Seven Occasional Meditations for Lent #4 Grace

There’s a little known piece from the “All that you can’t leave Behind” album simply called “Grace”. I listened to it first driving through Slovenia in Diederick’s car some months back. Maybe it was the incredible scenery we were passing through, or the good chat along the journey, but it started me thinking about the nature of grace – what it is and what it does for us. And a lot of the time, if we do think about it at all, it seems to belong in the world of religion, to high vaulted cathedrals and soft spoken bishops. It doesn’t seem to have much to do with the here and now, the messy lives we live, and how I am I going to manage to get through the day

The U2 song brings the idea of Grace down to street level. It imagines her as a girl and follows her through the streets. Something along the lines of how the book of Proverbs treats the idea of “wisdom” and personifies it as a woman - Sophia.

Grace
She takes the blame
She covers the shame
Removes the stain
It could be her name

Grace
It's a name for a girl
It's also a thought that
Changed the world
And when she walks on the street
You can hear the strings

Grace finds goodness
In everything
Because grace makes beauty
Out of ugly things

Grace finds beauty
In everything

Well, that might not suit everyone’s theological cup of tea, but you get the picture. And there’s a form of grace that does indeed walk the streets. Grace that you encounter in the lives and responses of people around you. A kindness, warmth, a readiness to overlook the wrong that’s been done. A willingness to believe the best. A Grace that looks for goodness and beauty in everything.

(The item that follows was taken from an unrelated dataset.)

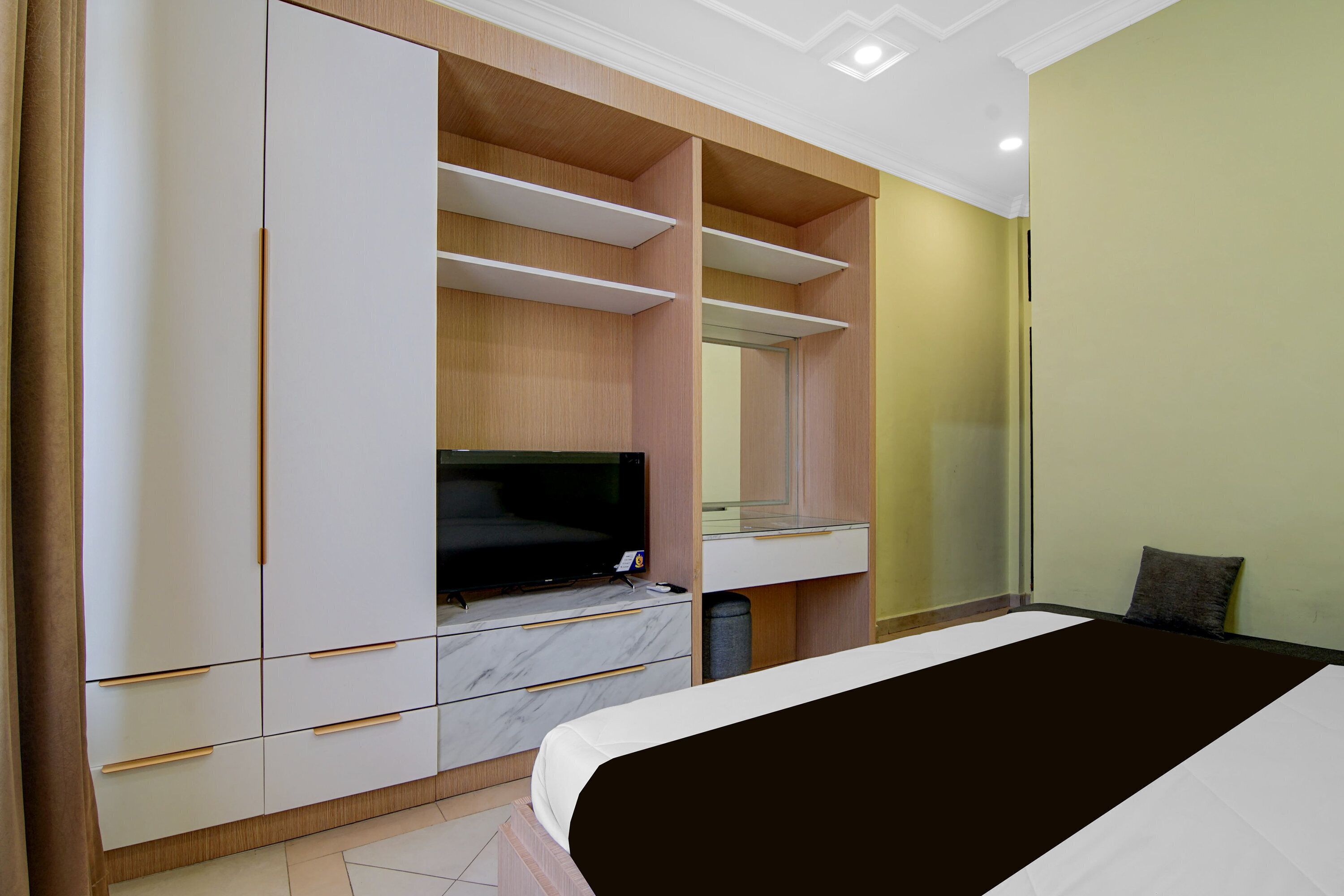 Un dormitorio con cama, televisión, espejo y armario.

But the Grace you encounter in the person of Jesus is something totally other. Deeper and higher than anything you’ve encountered before in the way if human kindness, it leaps from the pages of the Bible.

It’s a Grace that loves unconditionally and without expecting anything in return.
…………It’s a Grace that overlooks but does not ignore the wrong that’s been done.
………………….It’s a Grace that says, I’ll pay the price, let him go free.
…………………………………..It’s a Grace that doesn’t stop until it meets death
………………………………………....and then passes through it to the other side.

Jesus! the name that charms our fears,
that bids our sorrows cease;
'tis music in the sinner's ears,
'tis life, and health, and peace.

He speaks, and listening to his voice,
new life the dead receive;
the mournful, broken hearts rejoice,
the humble poor believe.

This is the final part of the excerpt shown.